» Instructions to follow
No pictures belong in the copy. Set down exactly the lines from the one that contains "image for item" through the end of the data.

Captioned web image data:
--------

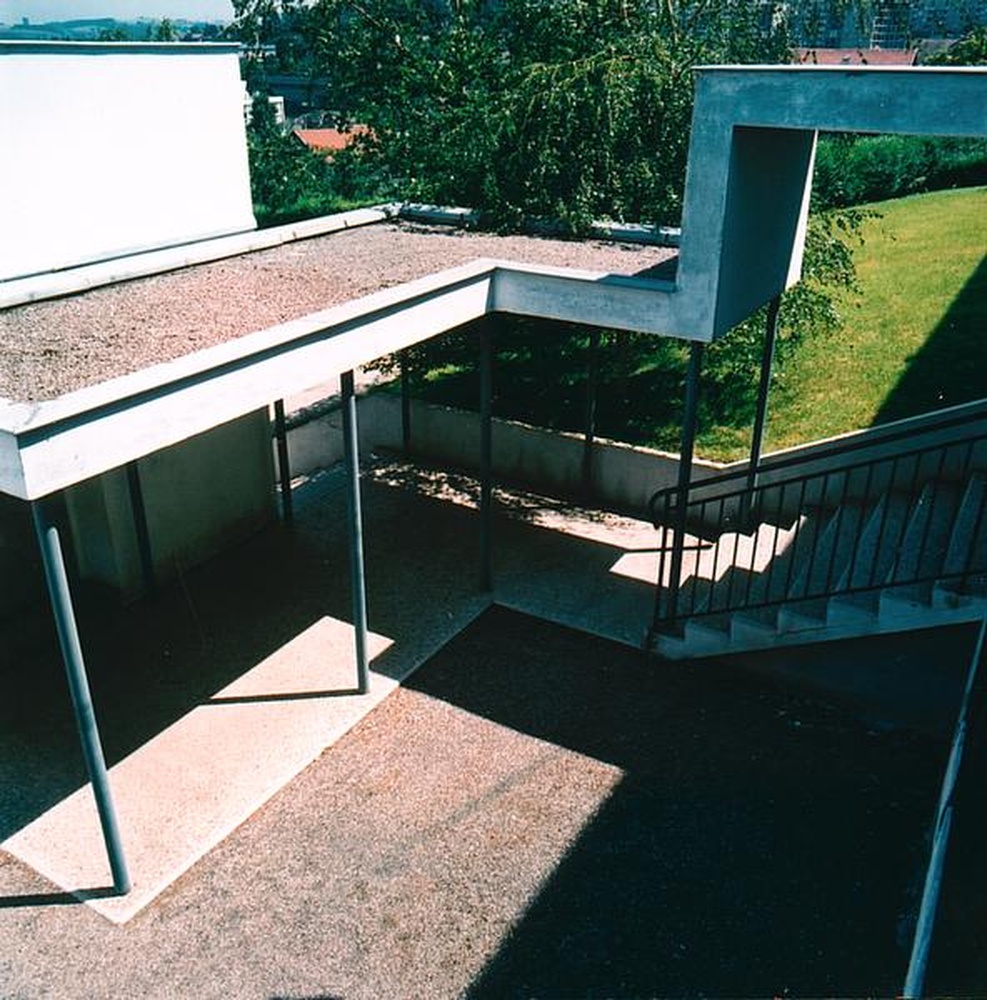 Firminy-vert : école primaire des Noyers (Marcel Roux, André Sive), préau et montée d'escalier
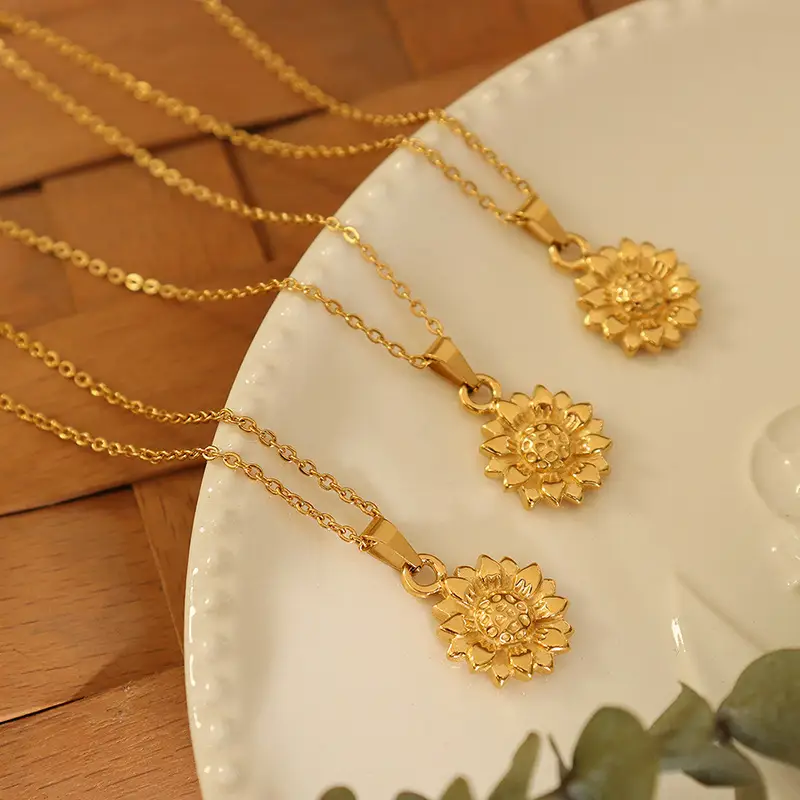 Xiaoxiangfeng Niche Design Feeling Warm Sun Flower Pendant Necklace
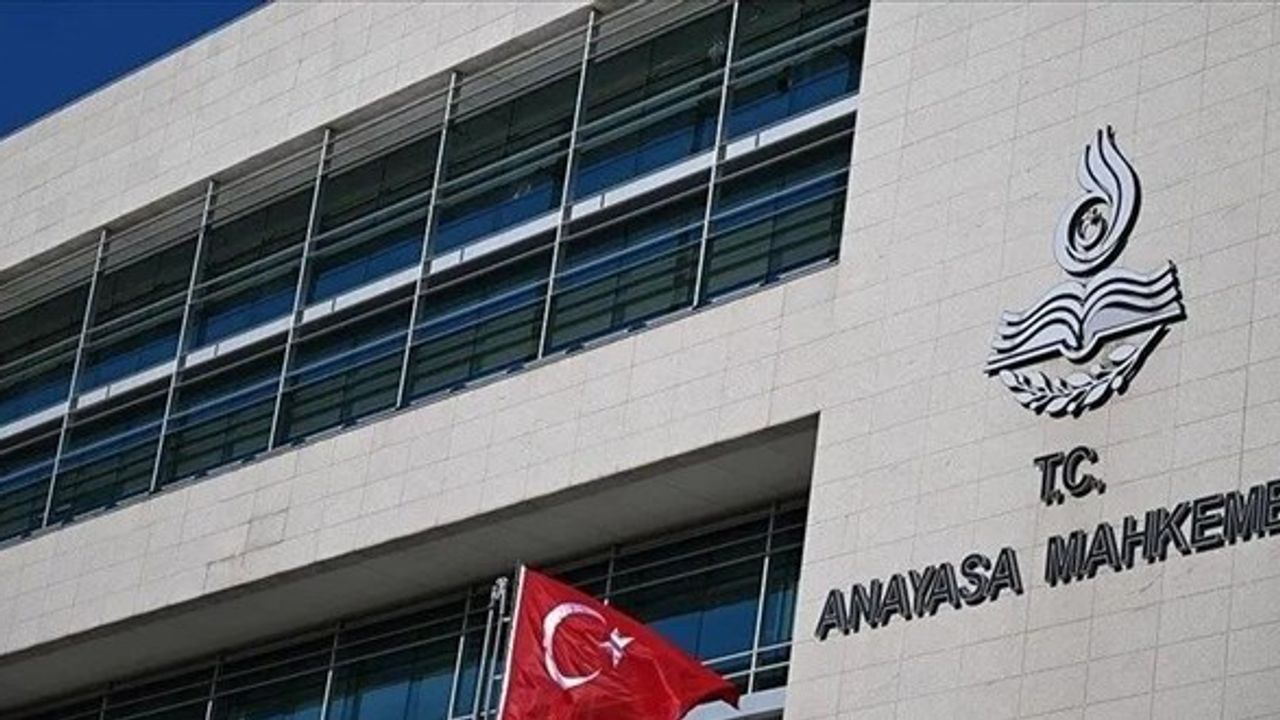 Memurların eksik maaş davasında kritik karar: AYM süre aşımını hak ihlali saydı
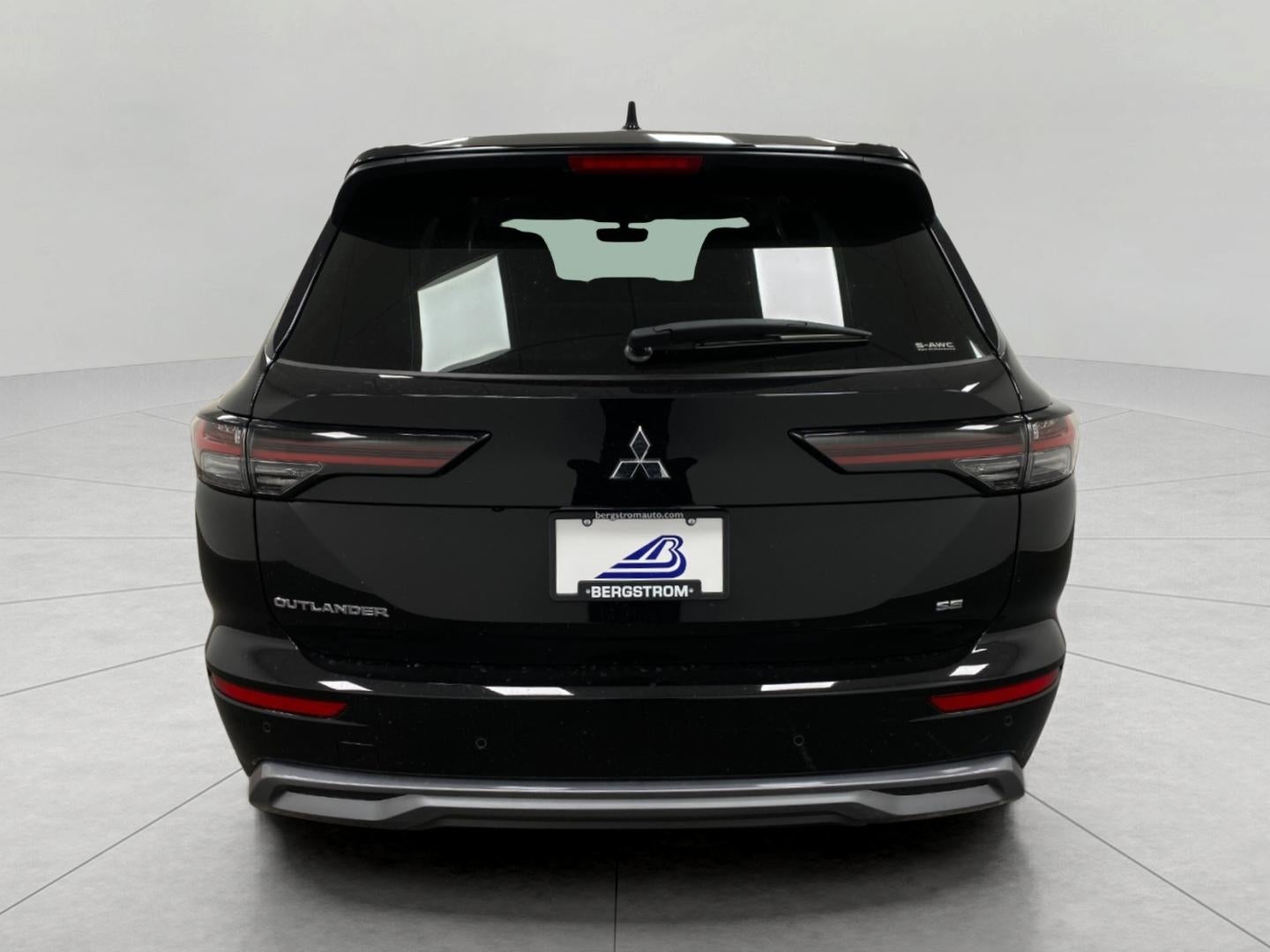 2026 Mitsubishi Outlander SE S-AWC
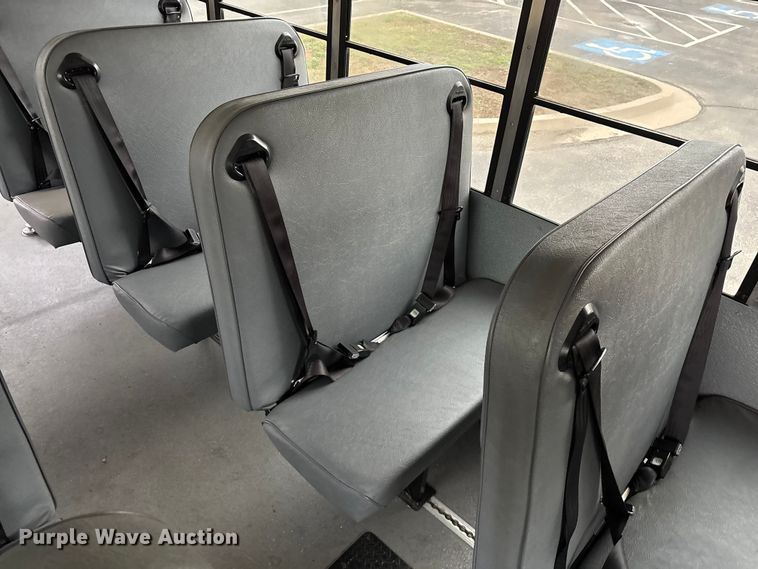 image for item FG0149 2009 Chevrolet Express shuttle bus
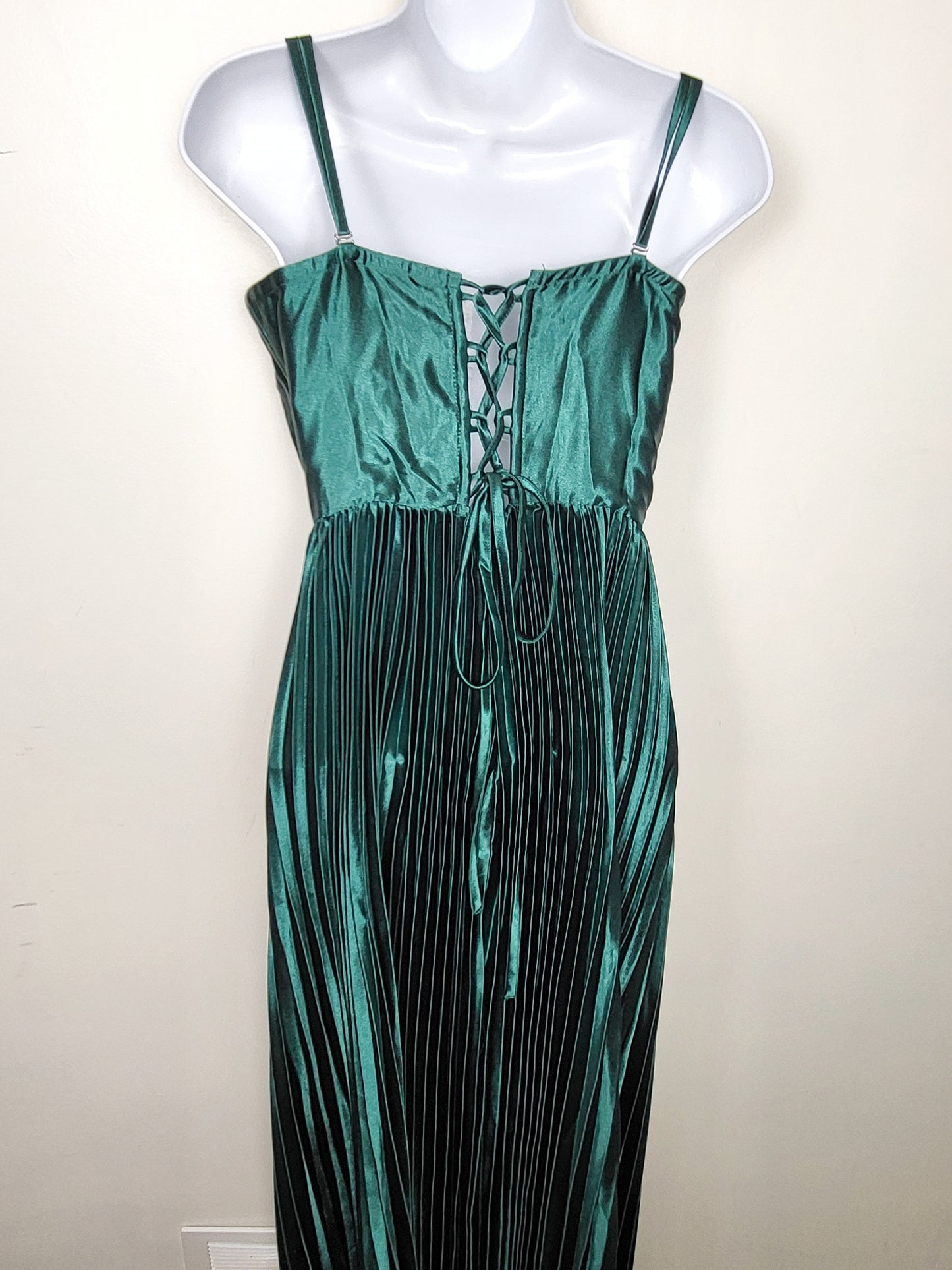 JLMB2- NEW - Eva and Lola mineral green satin pleated gown. Size Medium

--------

» Exercise output
 image for item FG0149 2009 Chevrolet Express shuttle bus
 JLMB2- NEW - Eva and Lola mineral green satin pleated gown. Size Medium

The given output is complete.